Analysis — Design Decisions

Every choice here is reversible in code but irreversible in performance: change one, all the others bend with it.

D1. Skip list over balanced BST (red-black, AVL)

Skip listRed-black tree
Insert / lookupO(log n) expectedO(log n) worst case
Implementation LOC~120 (Rust)~400+
Concurrent readsLock-free with seqlock or single-CAS publishRequires hand-over-hand locking
Cache localityPoor (pointer chasing)Poor (pointer chasing)
Worst-case boundw.h.p., not absoluteAbsolute

Choice: skip list. The simplicity (no rotations, no rebalancing, no parent pointers) is the value proposition. Worst-case absolute bound is irrelevant when we control the hash that feeds keys in.

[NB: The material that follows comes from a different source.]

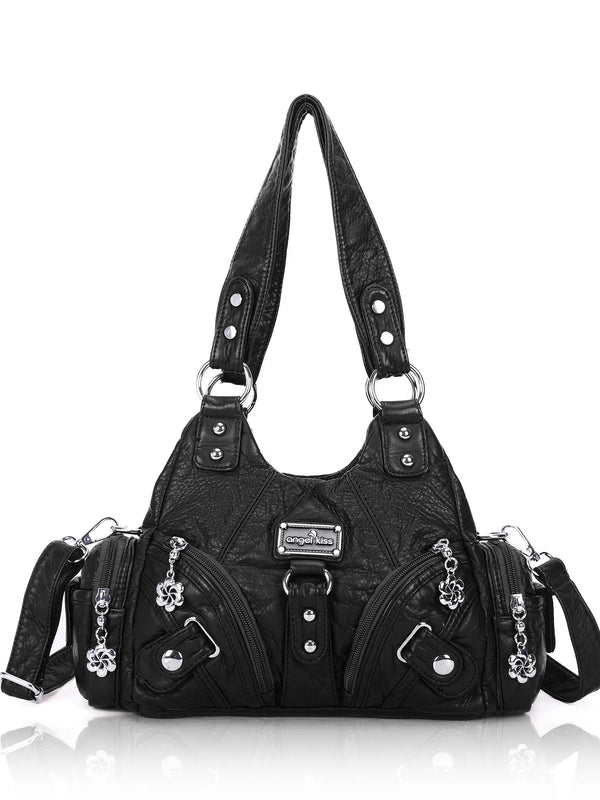 Angel Kiss Women'S Small Stylish Crossbody Bag - Leather-Textured Vegan Leather Multi-Pocket Zipper Tote, Casual Trendy Purse, Trendy Versatile Bag for Purchase, Women'S Summer Accessory,Summervibes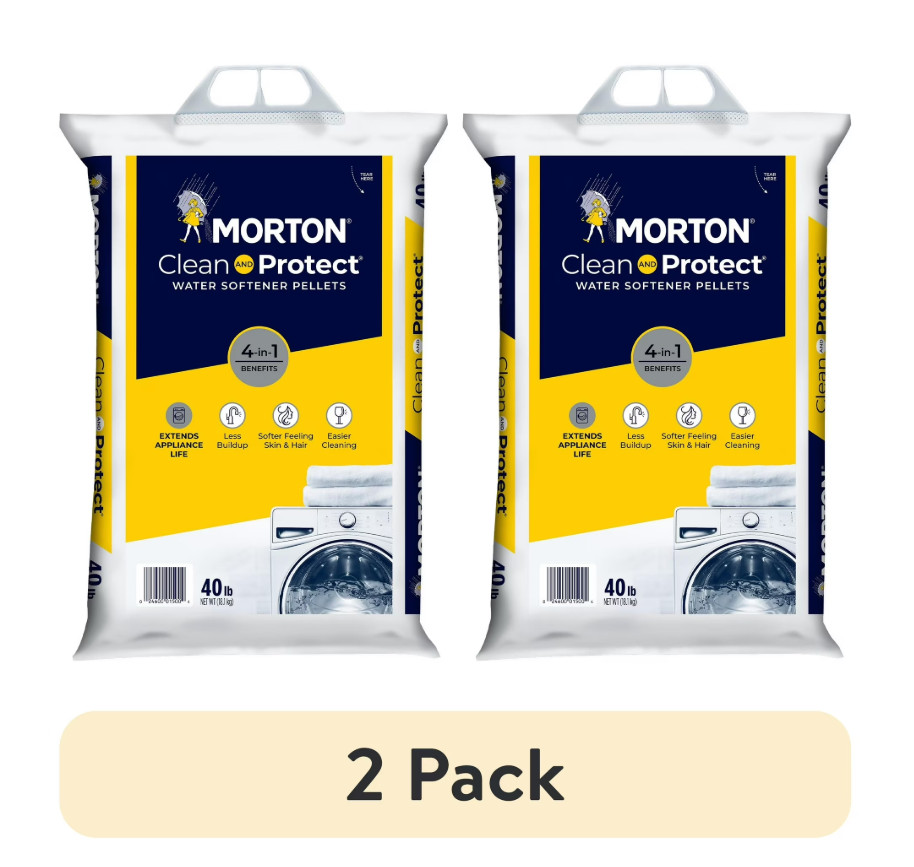 (2 pack) Morton Clean and Protect Water Softener Salt Pellets, 40 lb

When you'd flip: real-time systems where a probabilistic O(n) blowup is unacceptable. Database MemTables don't qualify.

D2. Hash table: open addressing + Robin Hood, not chaining

Open addressing (linear)Chaining
Memory per entry(1/loadfactor) × sizeof(slot)sizeof(entry) + sizeof(ptr) + malloc overhead
Cache misses per lookup0–1 typically1–3 typically
Pointer stability across resizeNoYes
DeletionBackward-shift or tombstoneFree a list node
Tail latency at high loadSpikes near 1.0Degrades gracefully

Choice: open addressing, linear probing, Robin Hood. The cache-miss saving is decisive at small/medium values, which is the database use case.

When you'd flip: large values (≥1 KiB) where you want pointer stability so external references survive resize.

D3. p = 0.5 for skip list, not p = 0.25

The expected number of comparisons per search is (1/p) · log_{1/p}(n). Minimizing this gives p = 1/e ≈ 0.37. In practice:

pExpected comparisons (n=1M)LevelsMemory per node
0.25~16~101.33 forward ptrs avg
0.5~20~202 forward ptrs avg
1/e~14~131.58 forward ptrs avg

We pick p = 0.5 because (a) bit-shift sampling (count trailing zeros of a random u64) is one instruction, and (b) the code stays trivial. The 30% theoretical improvement from p=1/e is not worth the table-lookup or log math.

D4. Max level = 32

A skip list with p=0.5 and n entries has expected max level log₂ n. At max level 32 we support n = 2^32 ≈ 4 G entries before quality degrades. Going higher costs a forward-pointer slot per node forever (8 bytes per extra level). Going lower caps the structure size.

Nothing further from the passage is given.